In my room I took the china-blue taffeta off its hook. It hadn’t been worn since the bazaar. I shook out the folds and saw how the skirt had been snagged and how much dirt and how many burs and bits of grass clung to it. Had I rolled in a field of weeds? I didn’t deserve nice things. I spread it out on the bed and brushed my hands over the fabric. As I did so, I bumped a hard bulge in the pocket. Puzzled, I reached in and drew out an amulet. My amulet of raw amber.
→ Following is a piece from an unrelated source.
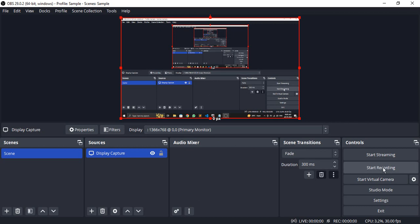To start the recording, simply click on start recording button and you'll see this REC will actually show you the recording time. Once you're done, you can simply click on stop recording.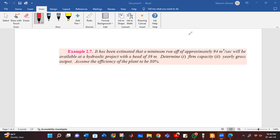Example 2.7: It has been estimated that a minimum runoff of approximately 94 cubic meters per second will be available at a hydroelectric project with a height of 39 meters. The minimum water flow is 94 cubic meters per second, and this hydroelectric project has a head of 39 meters.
That was where it had got to. I remembered now—Sunny wouldn’t let me wear the thing since it showed above the gown’s neckline, so I had stuffed it in the pocket. I held it up by the leather thong. The honey gold spun and glowed translucent in the light pouring in from the window. I squeezed my other hand around the stone and dropped it immediately to the floor with a cry.
Thomas!
The amber had burned my skin as if it were a living coal. Before it had left my fingers, his name flamed through my mind. And everything about him, every detail, flooded over me like lava—the warm, steady look in his gray eyes, the way his shirt set on his still-bony shoulders, his expressive hands, and his smile just for me. He was what had been flickering in the back of my brain. It was him. Of all the people in all the world whom I might have forgotten, how could it have been him? I staggered against the wall.
The words Laney had once said when we were speaking of hoodoo came back to me: “There are ways you can make folks forget things you don’t want them to remember.”